→ Data in this exercise:
────────────────

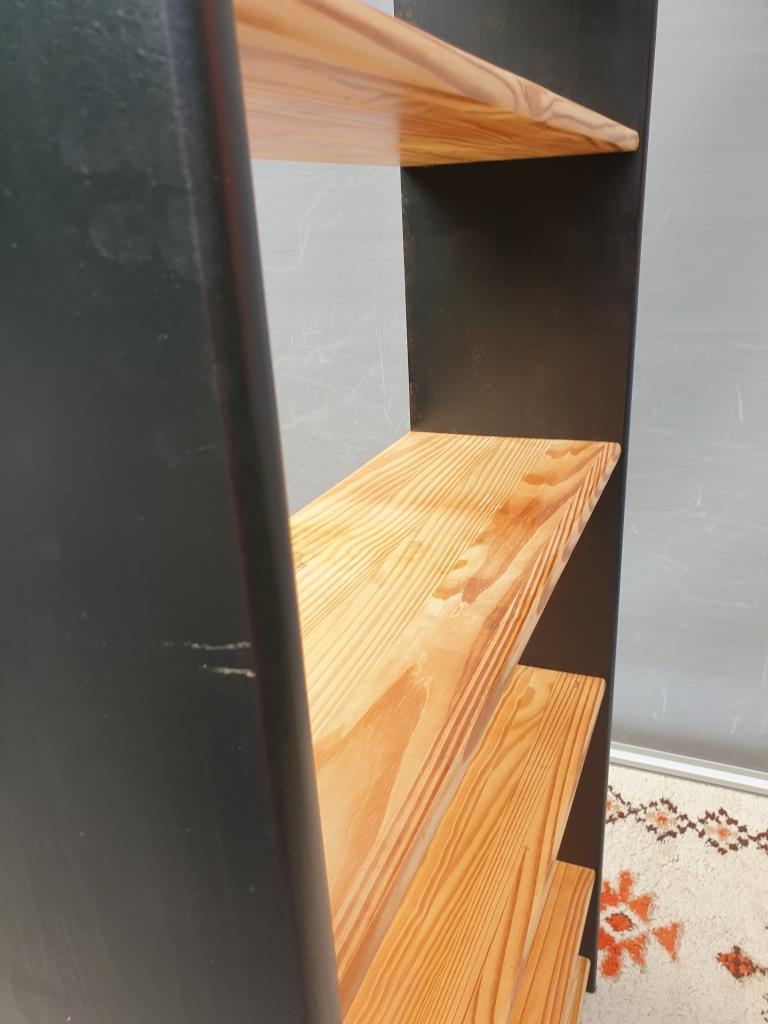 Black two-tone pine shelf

────────────────

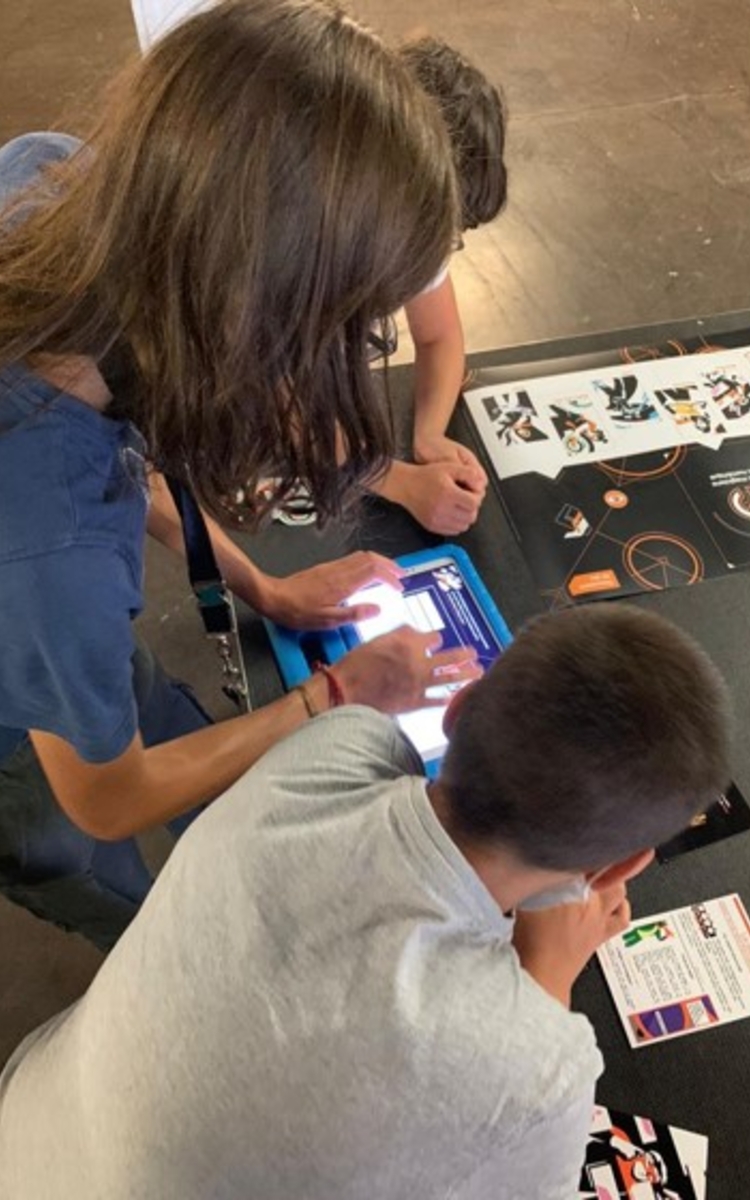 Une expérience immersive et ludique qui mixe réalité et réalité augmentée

────────────────

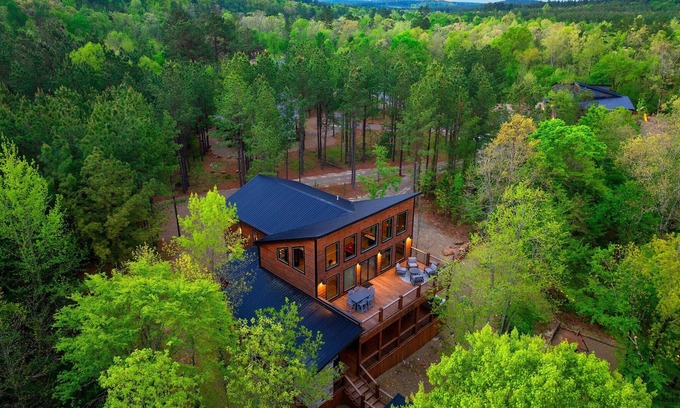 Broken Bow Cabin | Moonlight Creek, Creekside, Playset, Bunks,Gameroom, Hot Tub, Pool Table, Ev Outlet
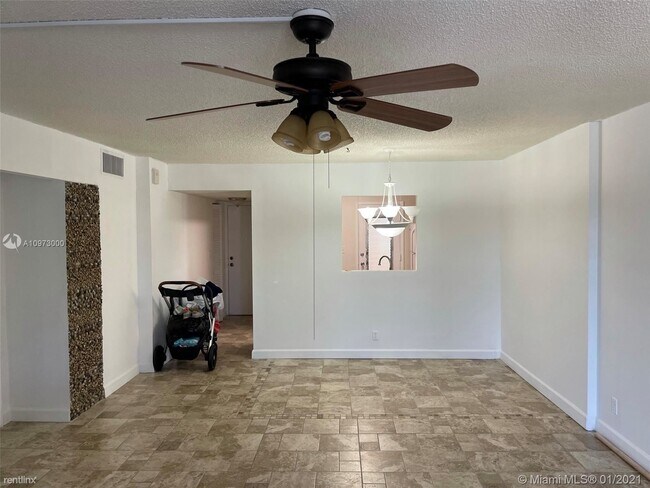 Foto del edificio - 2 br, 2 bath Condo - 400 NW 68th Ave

────────────────

Since the pictures are not part of the copy, please transcribe only the lines above from the one with "Broken Bow Cabin" through the one with "Foto del edificio", exactly and with both ends.

→ Task solution:
 Broken Bow Cabin | Moonlight Creek, Creekside, Playset, Bunks,Gameroom, Hot Tub, Pool Table, Ev Outlet
 Foto del edificio - 2 br, 2 bath Condo - 400 NW 68th Ave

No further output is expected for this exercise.